Why was my mother and her 7 siblings not taken? Their Mother was a white woman, and no government was ever going to remove well fed loved children from a white woman. That cruelty was reserved for the blacks. The darkies.

So from that day on, to save his children from being removed and placed in the care of welfare my Grandfather had to disown his own family. From that day on my Mother and her siblings were told they must never ever mention they were Aboriginal. If anyone asked about the colour of their skin or where they were from they were to say they were Italian or any other race. Anything but Aboriginal.

This taught my Mother to be so ashamed and fearful of who she was. Mum told me she once had a friend joining her at home for lunch on a school day ask who that the black man she saw outside her house? Mum was ashamed to tell her and instead said he was the gardner. To this very day Mum is wracked with guilt that she erased her fathers identity out of shame and fear her friend would find out she was Aboriginal.

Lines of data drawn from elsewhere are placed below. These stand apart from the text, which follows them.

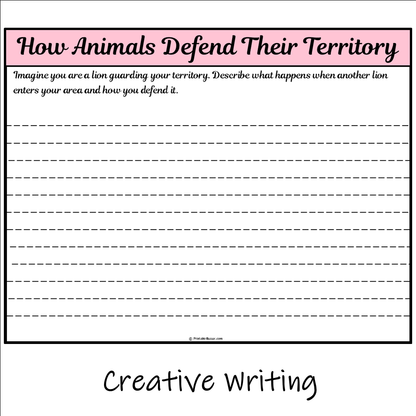 How Animals Defend Their Territory | Main Idea and Supporting Details Reading Passage and Questions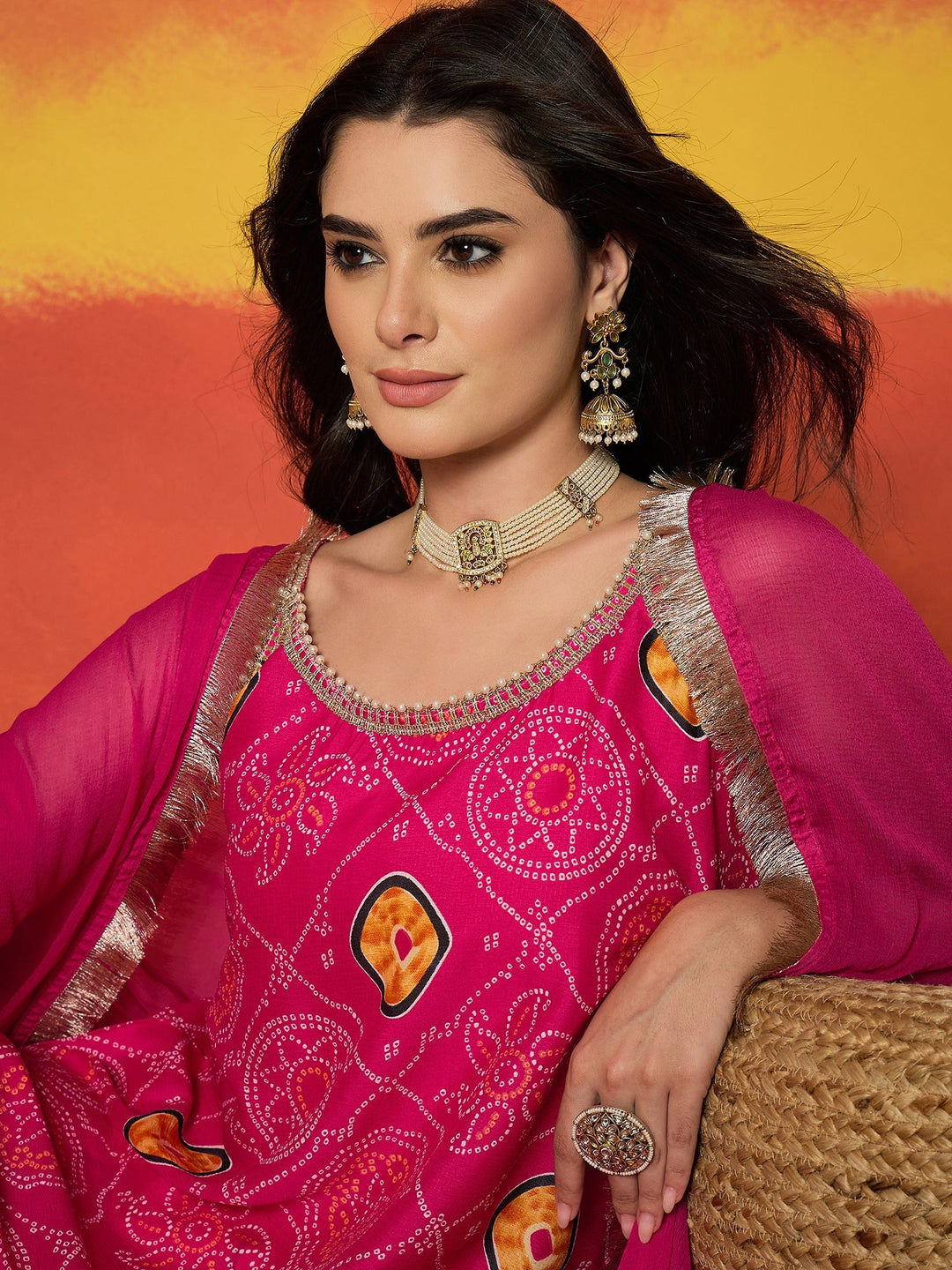 Pink Bandhej Printed Crepe Straight Kurta Sharara Dupatta Set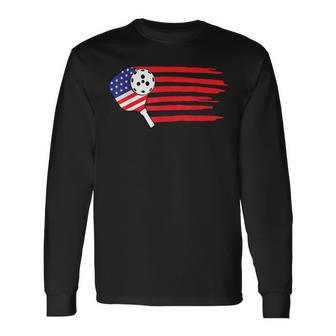 Pickleball Us Flag American Patriotic Pickleball 4Th Of July Long Sleeve T-Shirt | Mazezy DE
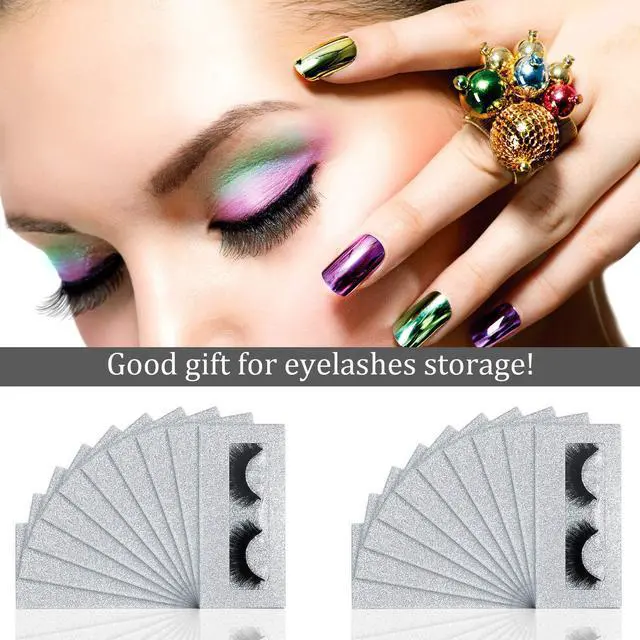 Alt view image 6 of 7 - 50 Sets Empty Lash Case Set, Include Empty Eyelash Box Packaging Storage Box, Eyelash Boxes Tray False Storage, Internal Background Paper(Silver)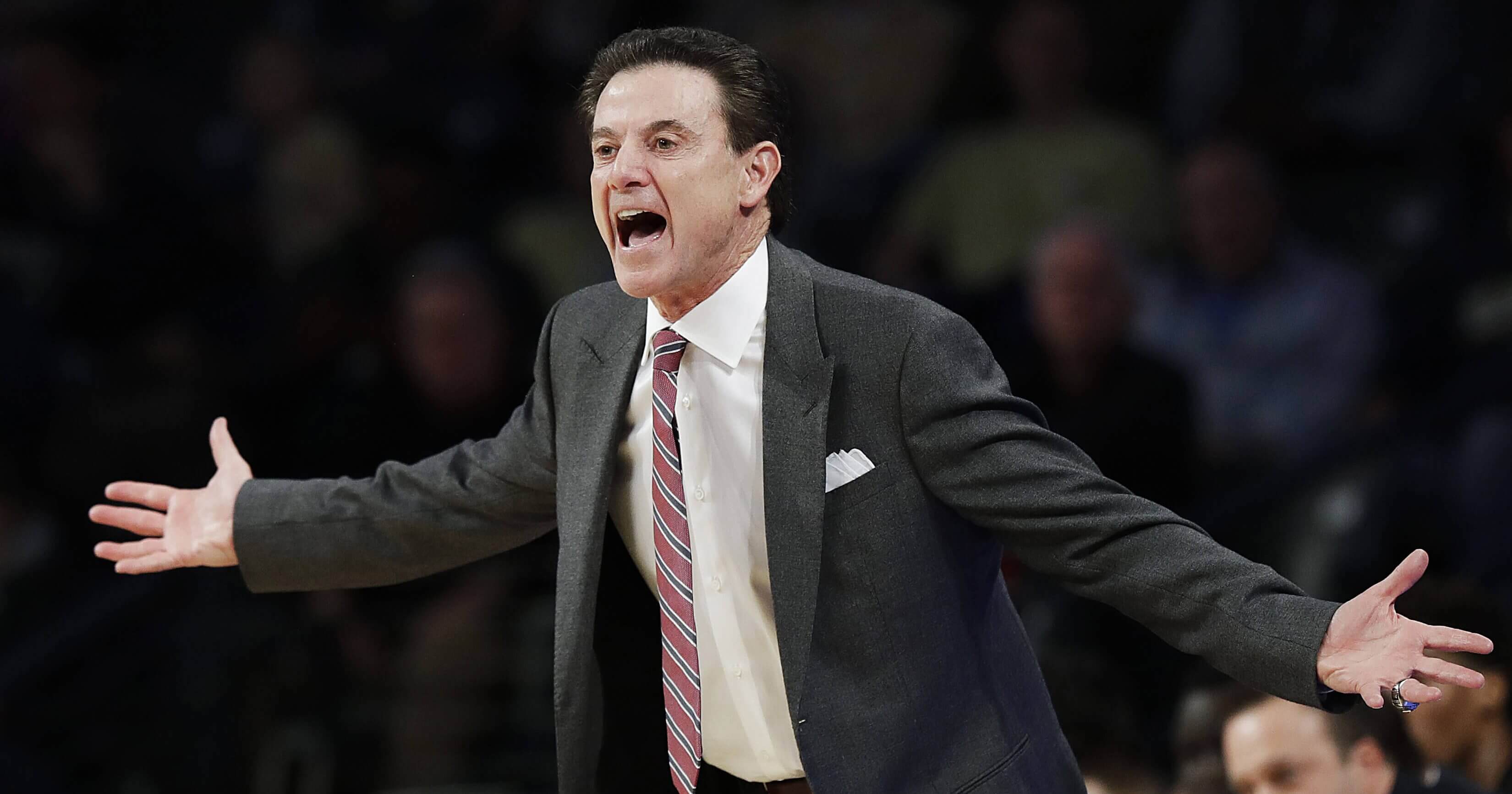 Rick Pitino, then Louisville basketball coach, reacts on the sideline during a 2017 game against Georgia Tech in Atlanta.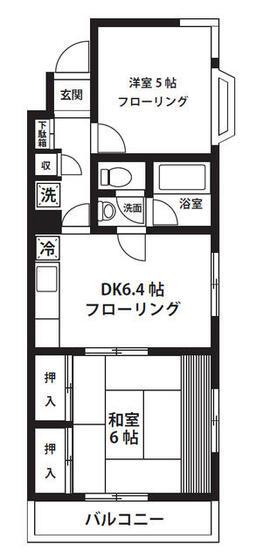 調布ヶ丘レジデンス(2DK/1階)の間取り写真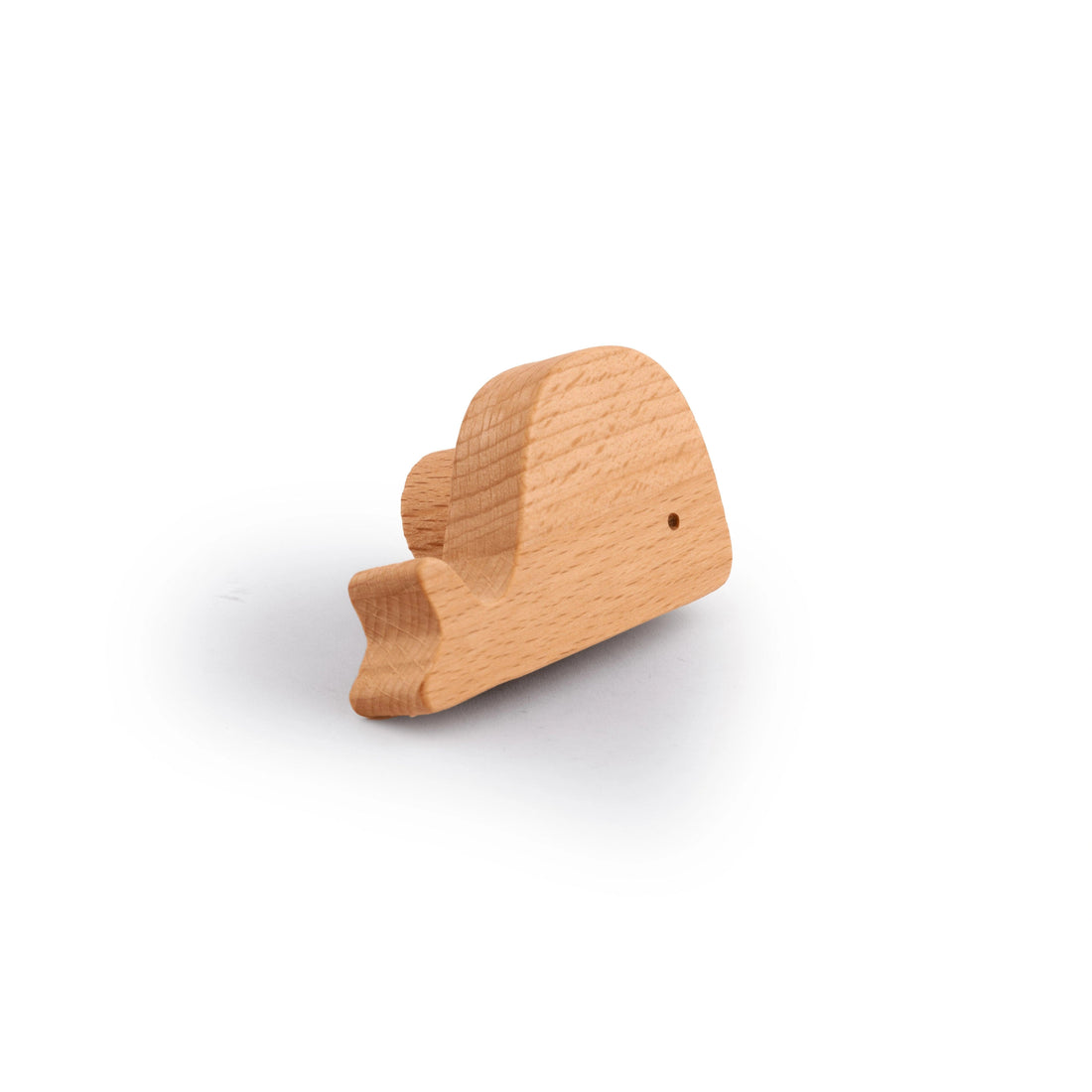 Mantara Whale Wooden Hook W-0024 is a modern wood knob and wall hook in brushed  beige finish, ideal for kids&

It didn’t matter. The friend realised it was Mums Dad and as soon as they got back to school she stood on the top steps of Perth Girls high school and screamed at the top of her lungs “Jenny Williams is a BOONG!”

Years passed and my mother met and married my Dad. They had five children. I am the youngest surviving child. When I was three we moved across to Canberra. Far away from family and kin.

When I grew up we never spoke of who we were. My mother was too ashamed to tell us. It was only when I was seven and a group of Aboriginal performers came to our school that I found out who I was. After they performed I rushed up to them and hugged them. There was something so familiar about them. I didn’t know what it was. I’d never met them but I knew that I ‘knew’ them. The teachers quickly ushered me back to class.

When I got home that day I excitedly told my Mum what had happened. I wanted to know who these men were and why I felt so excited to see them and felt like I knew them. It was as though I was seeing someone I’d missed for a very long time finally come back into my life.

That’s when she told me who I was. These men were Aboriginal men and I, like her was also Aboriginal. I was too young at the time to understand the enormity of what had happened but I knew in my heart that I belonged to them, though it was as long time before I could find out more. My Mother was still too ashamed to speak of it.

When I was older, about 12, we moved across the country back to our homeland in WA and I got to spend time with all of my Aunts and Uncles and Cousins. One of my Uncles is a very respected Elder in the Aboriginal community. He was a lot older than my Mother and left home when she was still young so was able to learn our ways and traditions.

Uncle helped me understand who I was. He taught me the ways and the meanings of our people. He spoke to me about ancient traditions passed down from elders before. Things my mother was never able to learn or speak of.

My uncle taught me not to be afraid who I was and to nurture and accept the spiritual gifts I was given. He taught me of the Dreamtime and the Dreaming. He altered my life’s course forever. Back to the path it should always have been on.

This story has many other chapters but I will leave those for another time.

My reason for sharing all of this is to help people understand what is lost when we erase culture and tradition from our First Nations people. It’s so much more than people realise. My Mother still lives in shame. She will die never fully being able to be who she is.

Had it not been for my uncle I would not have nurtured my gifts which have helped hundreds of people and continue to do so.

I needed to share the back story so people would understand this movement is so much more than stopping name calling.

I like so many others am exhausted from the fight. We’re fierce but we’re tired. We need to hand over the baton for a bit and without other people standing up there’s no one to hand that baton to.

For those of who you understand or want to learn more. I thank you. My people thank you. There is so much work to do.

Thank you for fighting for us and with us.

🖤💛❤️

Dedicated to my Mother who gave me life and kept her head up despite the pain. And to Uncle, who taught me how to find the way back home.